Extract the lines from the first line of the records below through the line containing "Escarpins laqués gris Escarpins laqués gris", inclusive, and reproduce them exactly as written.

Provided material Block Start

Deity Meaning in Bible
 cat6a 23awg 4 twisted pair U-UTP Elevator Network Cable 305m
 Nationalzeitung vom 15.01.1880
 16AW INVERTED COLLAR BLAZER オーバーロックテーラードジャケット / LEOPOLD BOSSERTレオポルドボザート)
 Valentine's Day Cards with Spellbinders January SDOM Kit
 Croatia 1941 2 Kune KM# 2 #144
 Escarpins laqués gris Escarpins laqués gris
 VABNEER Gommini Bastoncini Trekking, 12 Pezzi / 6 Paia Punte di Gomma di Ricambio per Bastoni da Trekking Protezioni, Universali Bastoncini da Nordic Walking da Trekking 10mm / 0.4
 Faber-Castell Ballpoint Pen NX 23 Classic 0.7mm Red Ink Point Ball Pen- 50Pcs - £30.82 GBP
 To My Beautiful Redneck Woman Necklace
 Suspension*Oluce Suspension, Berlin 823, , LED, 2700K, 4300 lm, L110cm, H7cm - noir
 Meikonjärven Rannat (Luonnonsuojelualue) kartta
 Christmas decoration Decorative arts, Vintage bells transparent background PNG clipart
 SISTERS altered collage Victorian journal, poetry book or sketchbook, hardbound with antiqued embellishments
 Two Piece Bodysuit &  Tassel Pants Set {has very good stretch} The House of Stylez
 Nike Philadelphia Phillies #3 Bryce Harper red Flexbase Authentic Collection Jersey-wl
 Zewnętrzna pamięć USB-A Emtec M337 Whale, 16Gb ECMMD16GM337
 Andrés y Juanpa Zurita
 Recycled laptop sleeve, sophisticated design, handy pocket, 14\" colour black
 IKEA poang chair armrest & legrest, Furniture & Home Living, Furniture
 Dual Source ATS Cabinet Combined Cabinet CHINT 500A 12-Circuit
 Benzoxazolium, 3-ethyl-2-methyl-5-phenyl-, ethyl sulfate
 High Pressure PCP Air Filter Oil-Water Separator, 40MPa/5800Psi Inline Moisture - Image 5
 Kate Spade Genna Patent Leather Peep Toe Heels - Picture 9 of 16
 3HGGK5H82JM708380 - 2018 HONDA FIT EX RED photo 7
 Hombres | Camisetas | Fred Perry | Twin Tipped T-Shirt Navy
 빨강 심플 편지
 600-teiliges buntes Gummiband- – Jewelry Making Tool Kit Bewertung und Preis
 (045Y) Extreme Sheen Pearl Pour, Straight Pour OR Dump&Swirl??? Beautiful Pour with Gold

Provided material Block End

[Output for this task]
Deity Meaning in Bible
 cat6a 23awg 4 twisted pair U-UTP Elevator Network Cable 305m
 Nationalzeitung vom 15.01.1880
 16AW INVERTED COLLAR BLAZER オーバーロックテーラードジャケット / LEOPOLD BOSSERTレオポルドボザート)
 Valentine's Day Cards with Spellbinders January SDOM Kit
 Croatia 1941 2 Kune KM# 2 #144
 Escarpins laqués gris Escarpins laqués gris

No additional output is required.